In 2026, Deb and Jamie will mark ten Christmases on the river. A milestone they never imagined reaching.

Seeing the Christmas Boat out on the water each year has become deeply personal. After months of planning, building, repairing, and watching the weather, that first night feels a little magical. What began as a private tradition has become something much bigger.

They speak about it as a legacy. About children who wave from the riverbank now, and the hope that one day those same children will tell their own families about the Christmas Boat they remember growing up with. The idea that it could become a shared generational memory means more than any recognition.

The reactions from the community are what keep them going. Children are always the first to spot the boat. Jumping, waving, calling out to Santa, or standing still in complete awe. Parents smile, people gather, music drifts across the water. Some dance. Others sit quietly and take it all in. There are cheers, claps, laughter, and that familiar ripple of excitement. “There’s the Christmas Boat.”

Over the years, there have been moments that stay with them. Gifts paddled out to Santa. Handwritten thank you cards from children. Homes along the canals switching on their lights as the boat arrives. Messages from families who say they know Christmas has truly started when they see it on the river.

Last year, a mum sent a video of her son recreating the Christmas Boat entirely out of LEGO. In Iluka, one night saw dozens of people arrive dressed in outfits lit up with glow sticks, turning the riverbank into part of the display itself.
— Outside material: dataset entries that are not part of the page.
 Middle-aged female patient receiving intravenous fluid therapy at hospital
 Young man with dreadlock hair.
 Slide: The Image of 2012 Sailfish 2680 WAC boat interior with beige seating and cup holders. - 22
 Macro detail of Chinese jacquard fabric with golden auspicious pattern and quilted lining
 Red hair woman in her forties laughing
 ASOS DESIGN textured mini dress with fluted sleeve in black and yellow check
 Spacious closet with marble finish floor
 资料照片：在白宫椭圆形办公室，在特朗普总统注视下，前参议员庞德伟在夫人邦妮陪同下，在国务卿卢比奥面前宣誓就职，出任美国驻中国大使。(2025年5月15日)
National recognition followed, unexpectedly. The Christmas Boat was listed by Realestate.com among the Top 5 Christmas displays in Australia and featured by Channel Seven News in their Top 10 for NSW. It was never the goal, but it was a moment of pride.
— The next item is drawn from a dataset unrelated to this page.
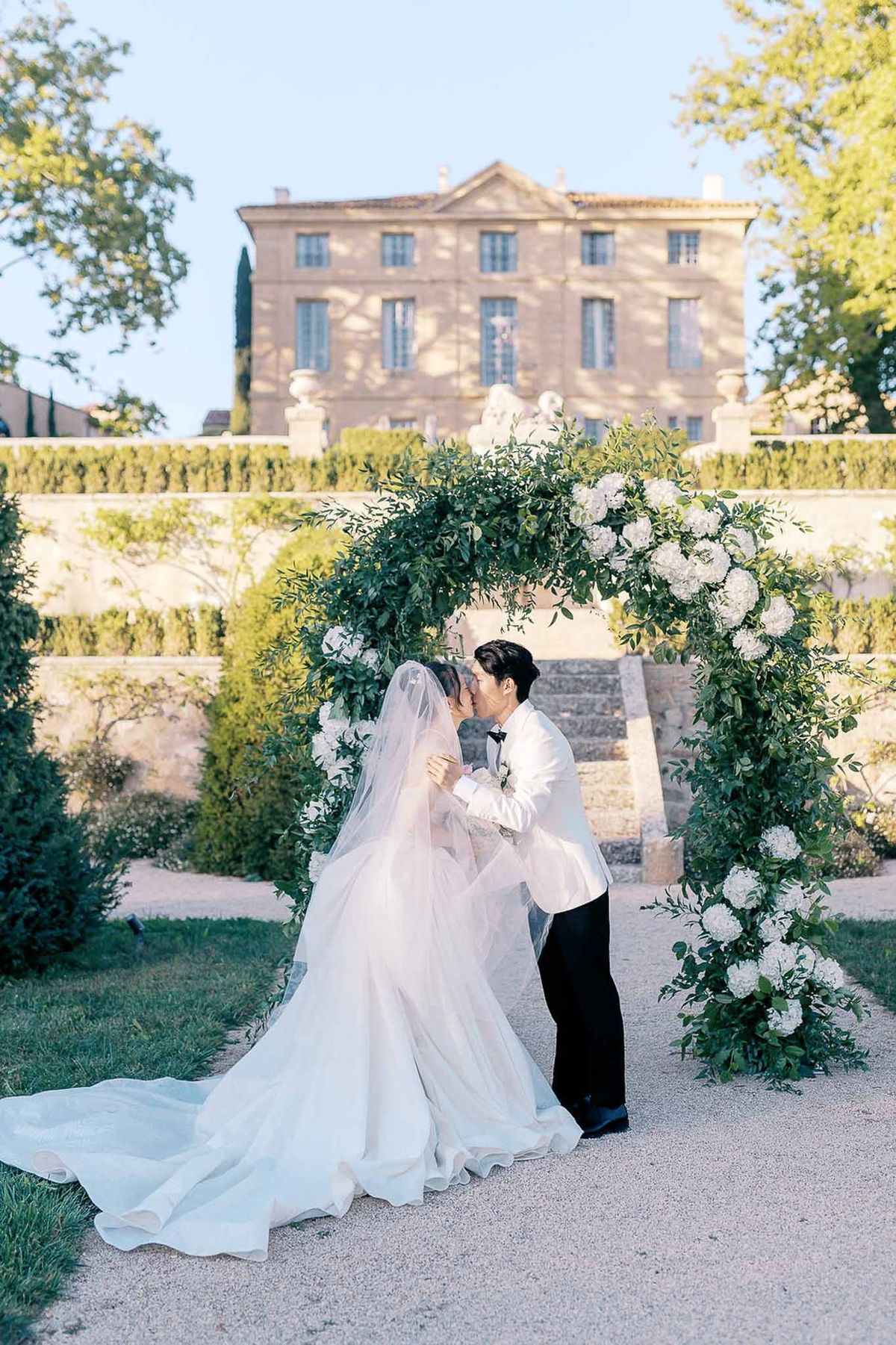 Couple kissing under greenery arch at golden hour at Château de la Gaude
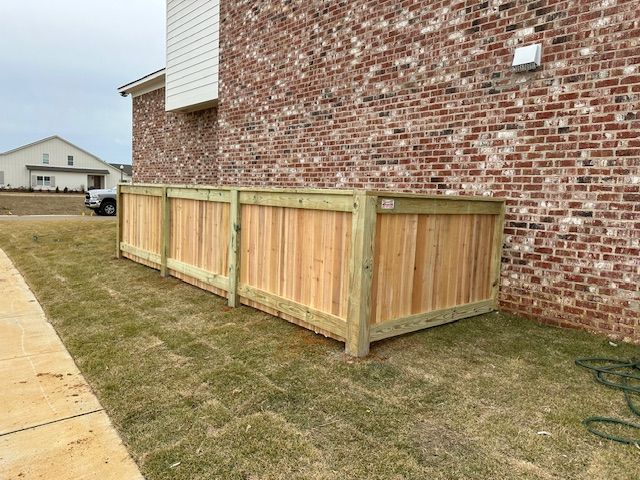 Wooden fence enclosure against a brick building on a grassy lawn.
Asked why the Christmas Boat has become so meaningful, Deb and Jamie are modest. They believe it is because it is joyful, a little cheeky, and unmistakably local. A boat covered in lights, elves, and Santa cruising the river is unexpected. It makes people smile. And because it is created by locals for locals, the community has embraced it as their own.
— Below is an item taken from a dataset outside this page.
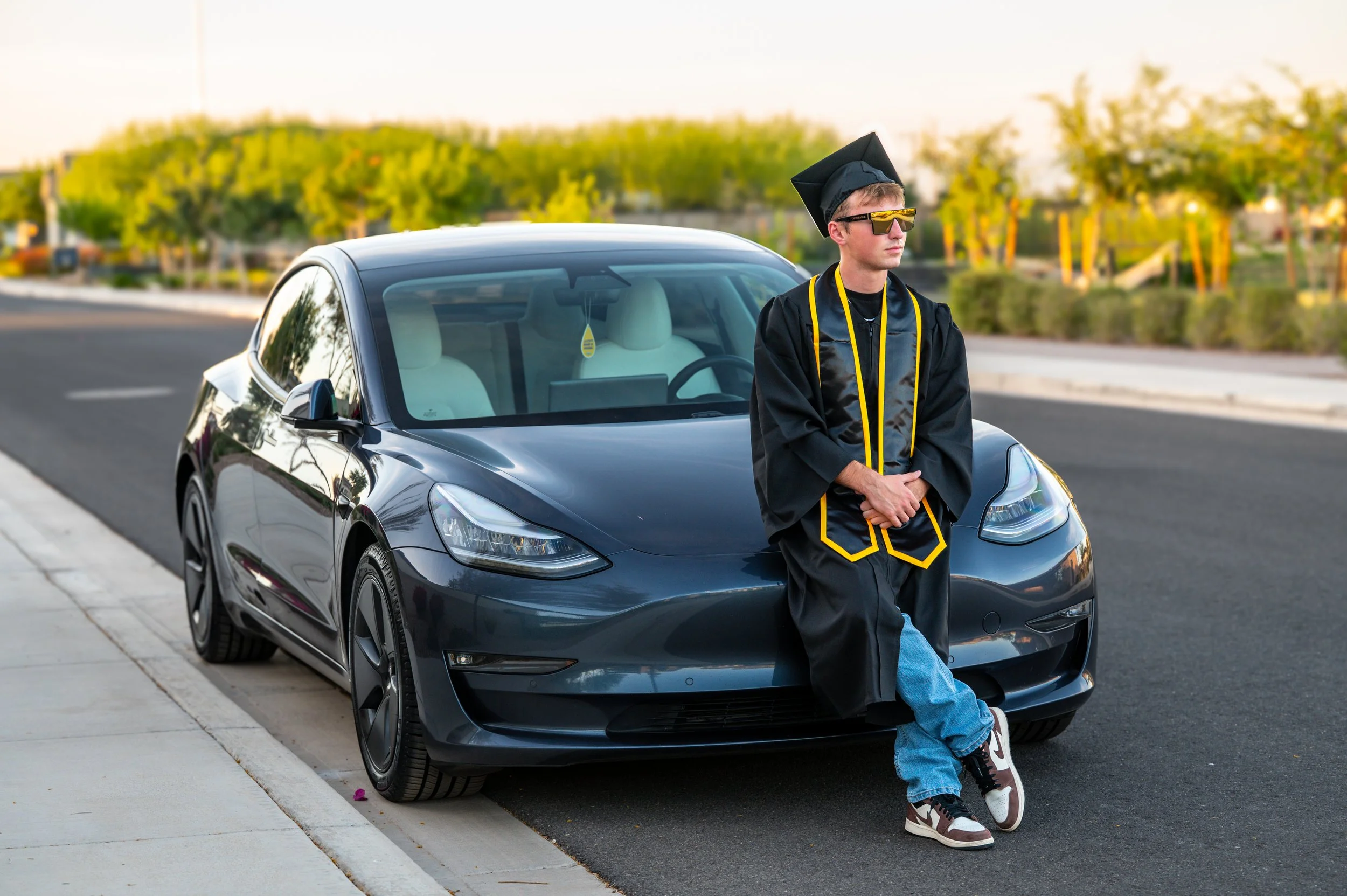 A young man in a black graduation gown and cap, wearing sunglasses, leaning against a black car on a street, with trees and a clear sky in the background.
Behind the scenes, the effort is significant. Planning begins almost as soon as one Christmas ends. Ideas are sketched, materials are sourced, and recycled items are collected. Store bought decorations rarely survive the salt air, so much of the display is handmade. Installing the display takes five to six weeks, with every light tested and every cable tie carefully placed. One small change can mean rethinking the entire setup.

December brings the nightly routine. For almost a month, Santa takes his place on the front deck, music is queued, lights are fired up, and for an hour each night the river comes alive. Social media updates roll on, as does the budgeting.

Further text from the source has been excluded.